TASK TO CARRY OUT: The lines to copy run from the one containing "True American Trump" to the very end of the records; give them exactly, and only them, without pictures.

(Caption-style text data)
------------------------------------------------------------
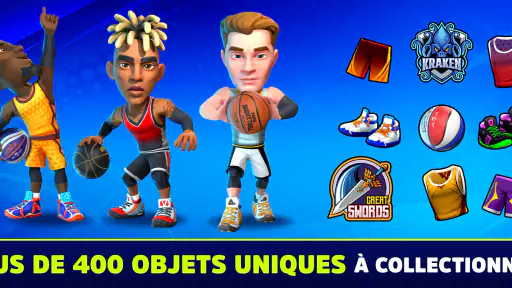 Mini Basketball screenshot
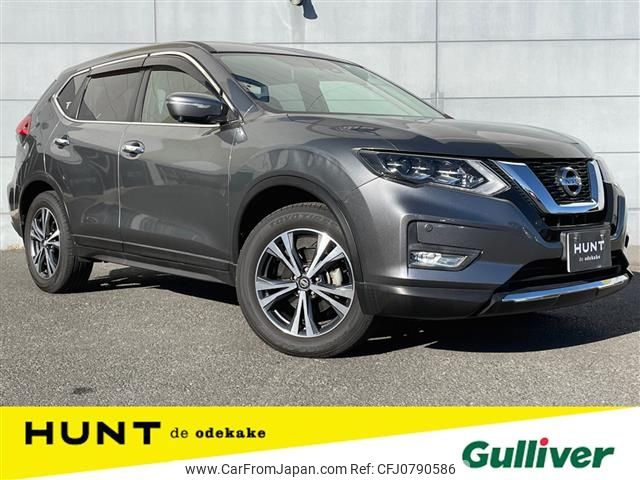 nissan x-trail 2018 -NISSAN--X-Trail DBA-T32--T32-542342---NISSAN--X-Trail DBA-T32--T32-542342- image 1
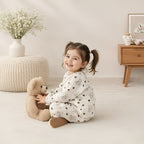 Organic Muslin Cotton Co-ord Set for Girls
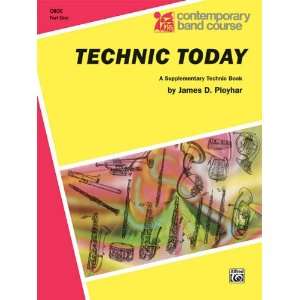  Technic Today, Part 1 Book Oboe
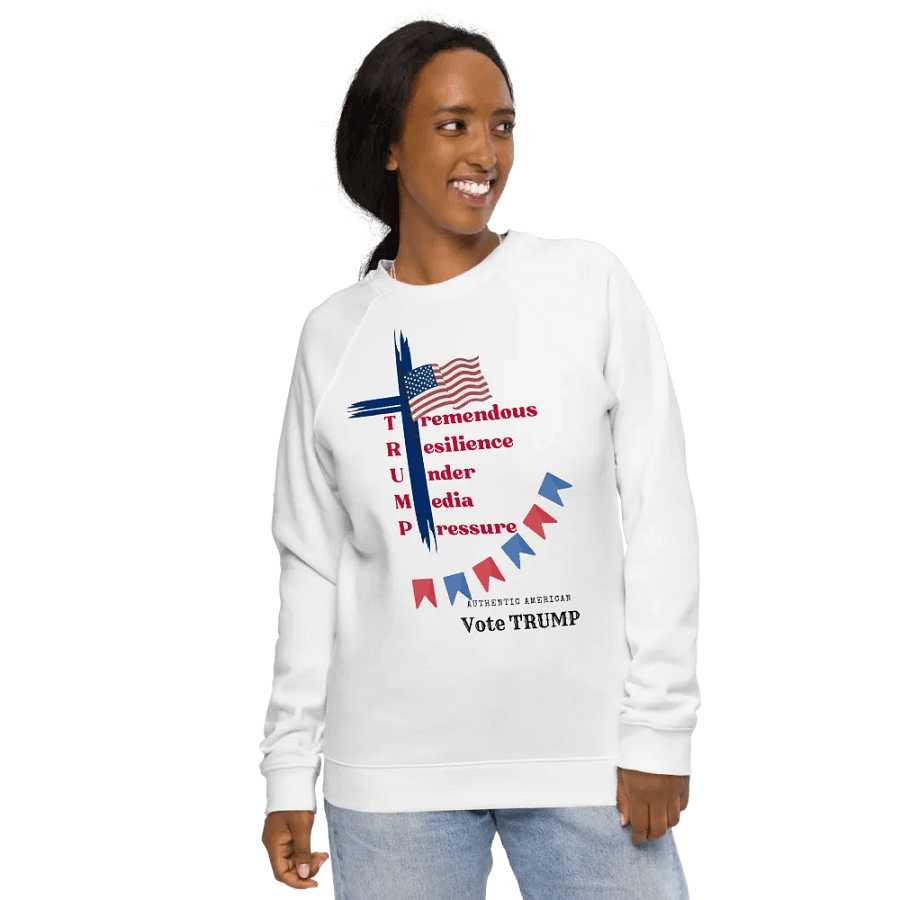 True American Trump Eco Sweatshirt product image (11)
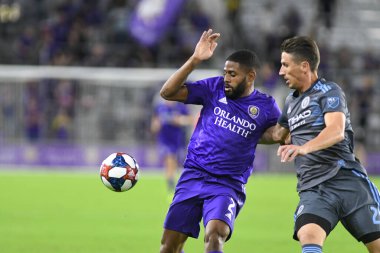 Orlando City 17 Şubat 2019 'da Orlando City Stadyumu' nda New York City FC 'ye ev sahipliği yaptı. Fotoğraf: Marty Jean-Louis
------------------------------------------------------------
EXPECTED ANSWER:
 True American Trump Eco Sweatshirt product image (11)
 Orlando City 17 Şubat 2019 'da Orlando City Stadyumu' nda New York City FC 'ye ev sahipliği yaptı. Fotoğraf: Marty Jean-Louis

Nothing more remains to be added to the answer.